La ministre australienne des Affaires étrangères, Marise Payne, a affirmé que son pays «réclamerait» notamment une enquête sur la manière dont la Chine a géré l’épidémie à Wuhan, la ville où est apparue la COVID-19 à la fin de l’année.
La ministre australienne des Affaires étrangères, Marise Payne, a affirmé que son pays «réclamerait» notamment une enquête sur la manière dont la Chine a géré l’épidémie à Wuhan, la ville où est apparue la COVID-19 à la fin de l’année.

[AVRIL 2020] L'Australie demande une enquête indépendante sur la gestion de la pandémie

Agence France-Presse
SYDNEY — L’Australie a appelé dimanche à l’ouverture d’une enquête indépendante sur la lutte mondiale contre la pandémie de nouveau coronavirus et sur la façon dont l’OMS a géré la crise.
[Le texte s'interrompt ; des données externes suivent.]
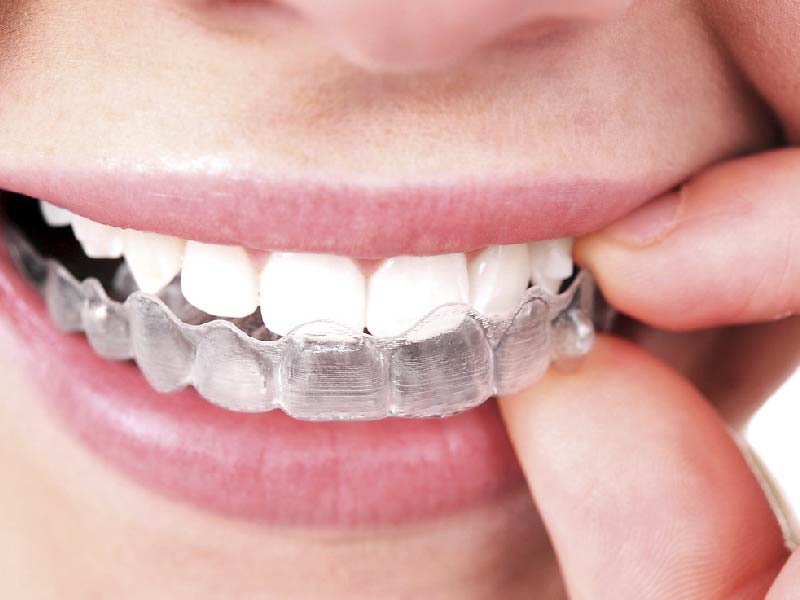 Invisalign
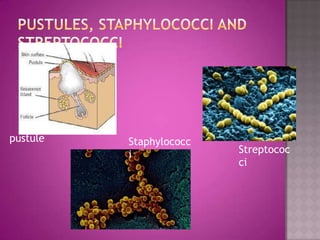 pustule   Staphylococc
          i              Streptococ
                         ci
 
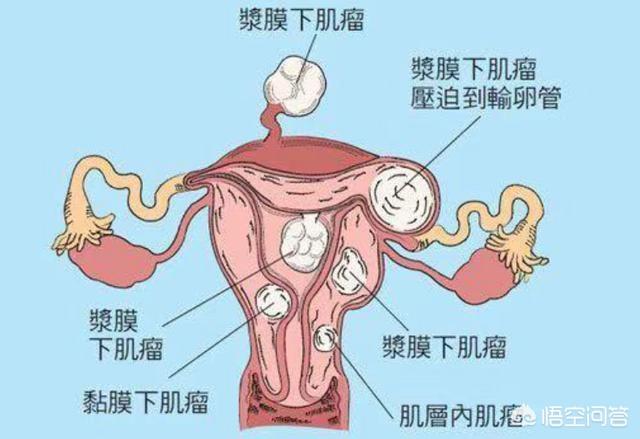 子宫肌瘤很常见如何有效预防子宫肌瘤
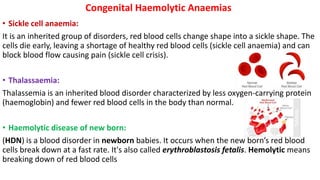 Congenital Haemolytic Anaemias
• Sickle cell anaemia:
It is an inherited group of disorders, red blood cells change shape into a sickle shape. The
cells die early, leaving a shortage of healthy red blood cells (sickle cell anaemia) and can
block blood flow causing pain (sickle cell crisis).
• Thalassaemia:
Thalassemia is an inherited blood disorder characterized by less oxygen-carrying protein
(haemoglobin) and fewer red blood cells in the body than normal.
• Haemolytic disease of new born:
(HDN) is a blood disorder in newborn babies. It occurs when the new born’s red blood
cells break down at a fast rate. It's also called erythroblastosis fetalis. Hemolytic means
breaking down of red blood cells
 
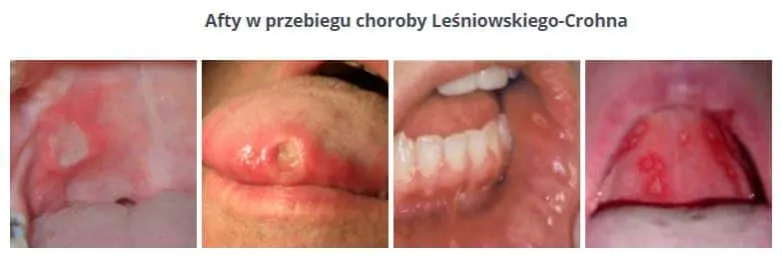 Zdjęcie Choroba Leśniowskiego-Crohna: objawy w jamie ustnej, które musisz znać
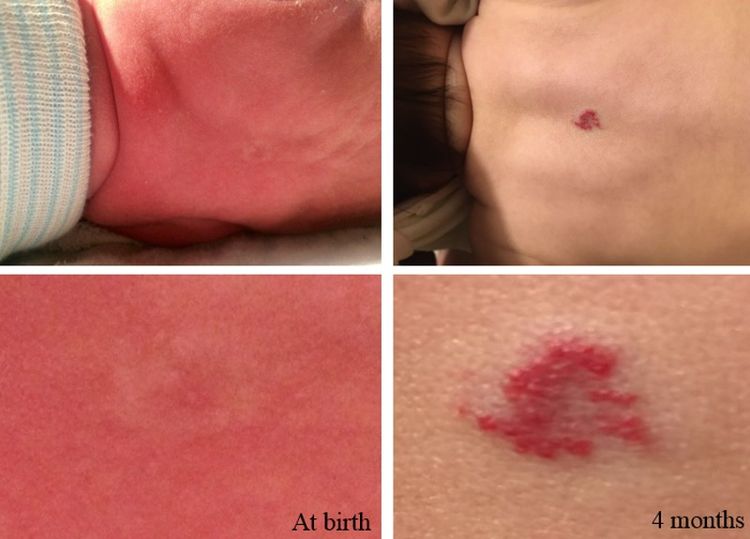 Photos showing an infantile hemangioma premonitory mark; the photos on the left show a precursor lesion (faint color with halo). The photos on the right show a hemangioma after proliferation (slightly raised with a brighter central color).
La ministre australienne des Affaires étrangères, Marise Payne, a affirmé que son pays «réclamerait» notamment une enquête sur la manière dont la Chine a géré l’épidémie à Wuhan, la ville où est apparue la COVID-19 à la fin de l’année.

«Nous avons besoin de connaître des détails que seul un rapport indépendant peut nous permettre de comprendre sur l’origine du virus, sur la manière d’y faire face [et] sur la transparence avec laquelle les informations ont été partagées», a-t-elle déclaré à la chaîne publique ABC.

Mme Payne a affirmé que l’Australie partage les mêmes inquiétudes que les États-Unis, le président Donald Trump ayant accusé l’Organisation mondiale de la santé (OMS) d’être trop proche de la Chine et de mal gérer la pandémie.

Donald Trump a annoncé mardi la suspension de la contribution américaine à l’OMS, qui s’élève à «400 à 500 millions $US [560 à 700 milliards $] par an».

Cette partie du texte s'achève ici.